▶ **Problem**:
Taking the data below, please print only the lines from the line holding "Планировка — Студия, 24,3 м²" to the line holding "Colorful bullet journal", inclusive, with pictures omitted.
Data for analysis section start
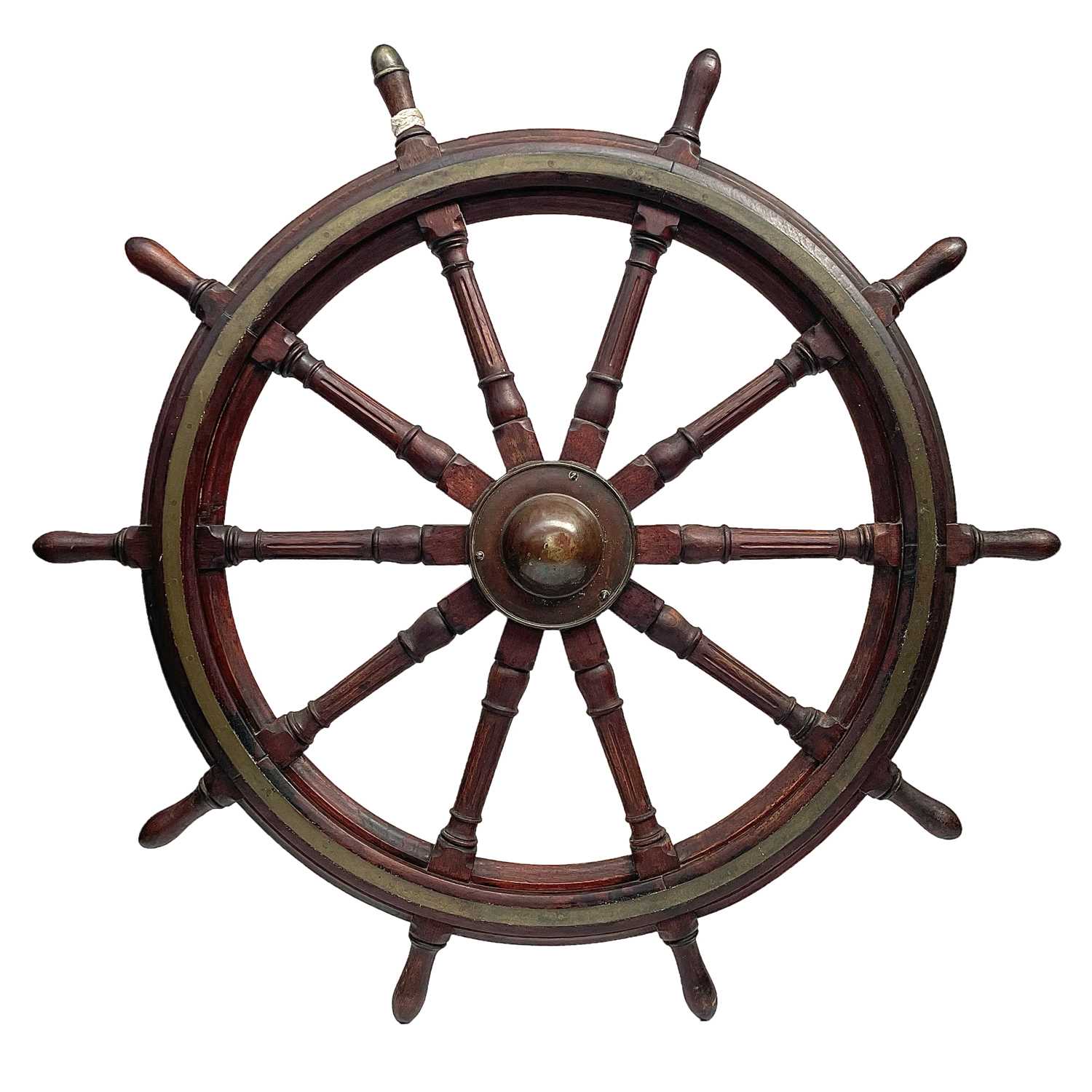 Lot 15 - A large 19th century teak and brass ship's...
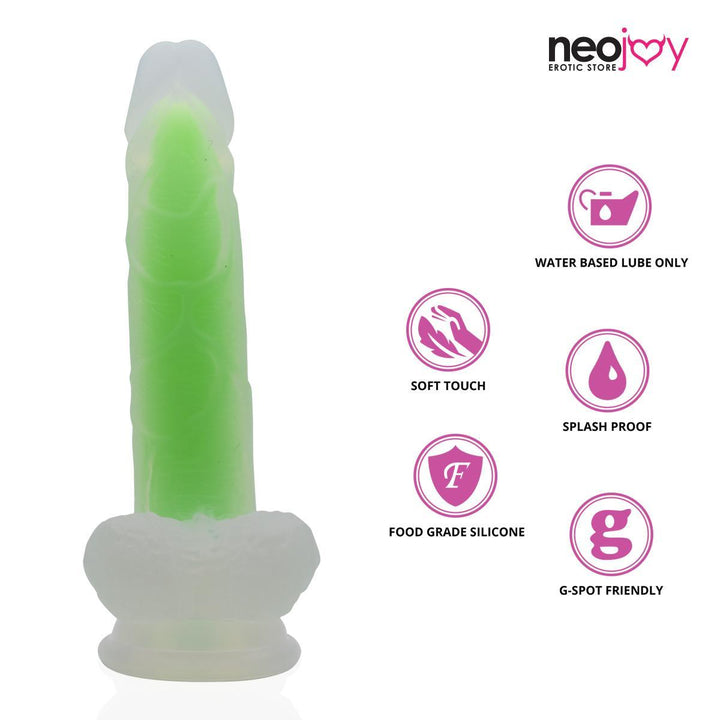 Neojoy Luminous Dildo Pure Silicone transparent with suction cup - Green 8.3 inch - 22cm - Lucidtoys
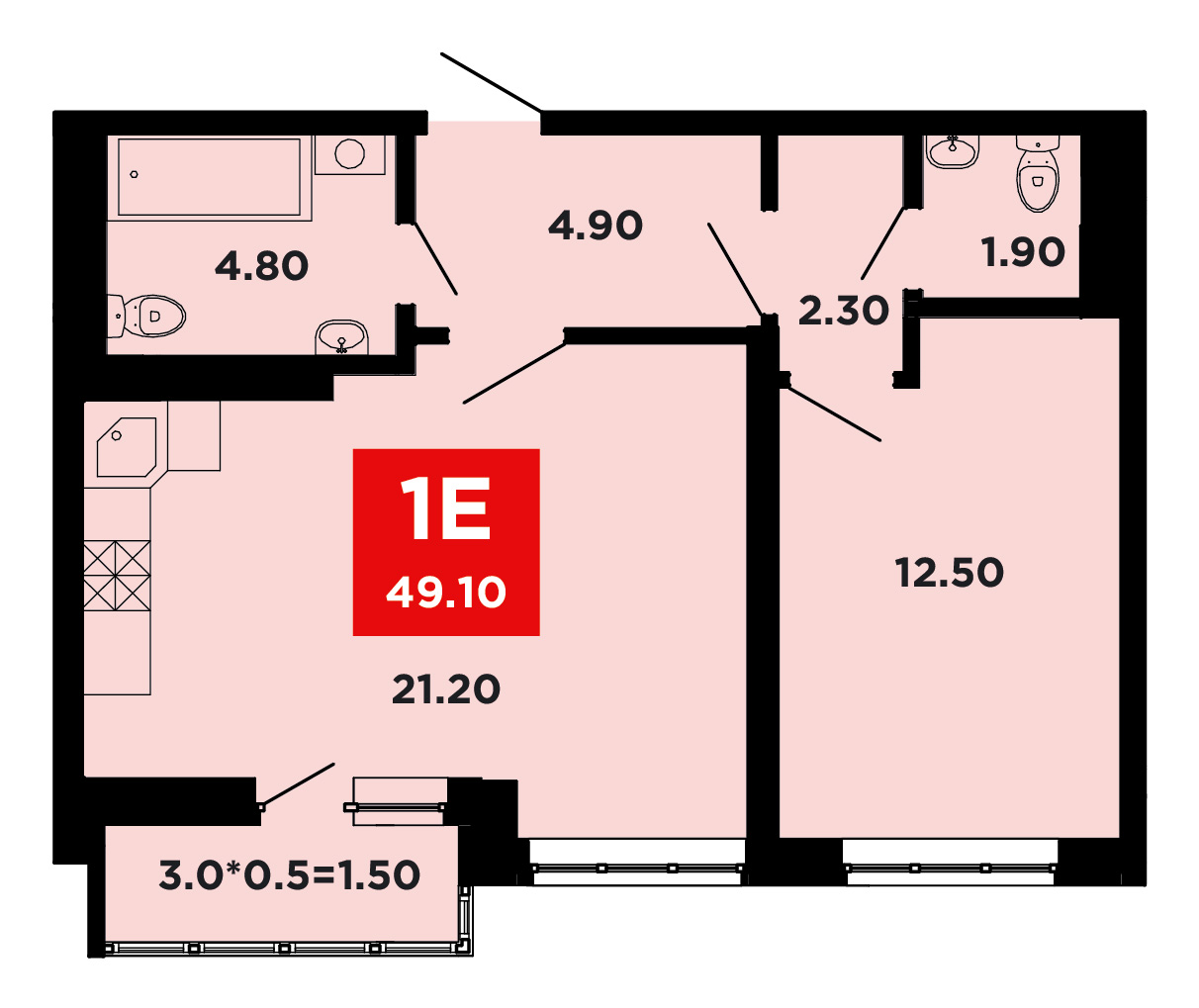 Планировка — Студия, 24,3 м²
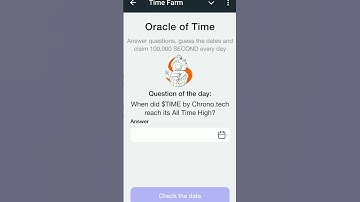 Time Farm Answer Today 9 October | When did $TIME by Chrono.tech reach its All Time High?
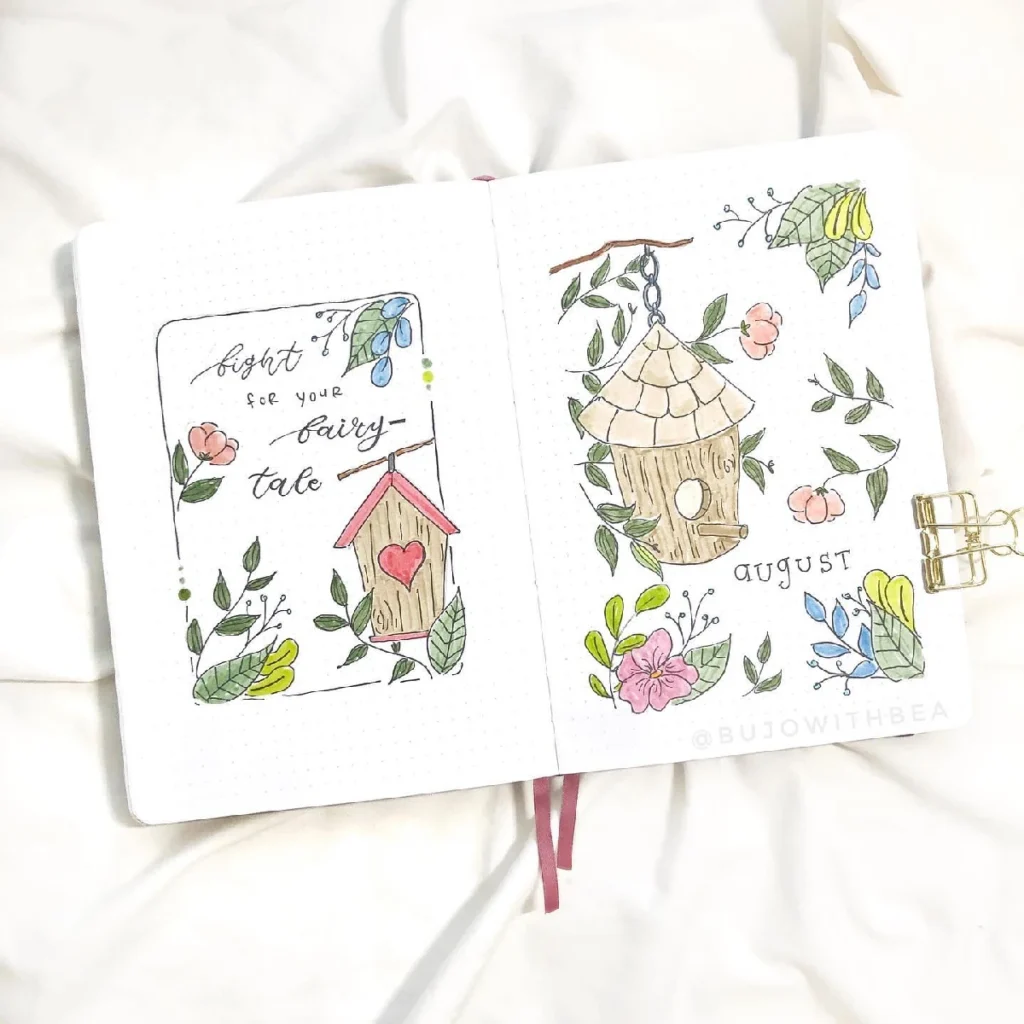 Colorful bullet journal spread featuring whimsical birdhouses and floral decorations for August planning.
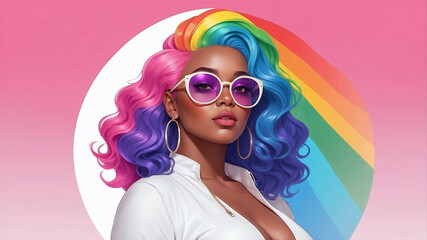 A woman with rainbow hair and sunglasses is the main focus of the image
Data for analysis section end
▶ **Exercise response**:
 Планировка — Студия, 24,3 м²
 Time Farm Answer Today 9 October | When did $TIME by Chrono.tech reach its All Time High?
 Colorful bullet journal spread featuring whimsical birdhouses and floral decorations for August planning.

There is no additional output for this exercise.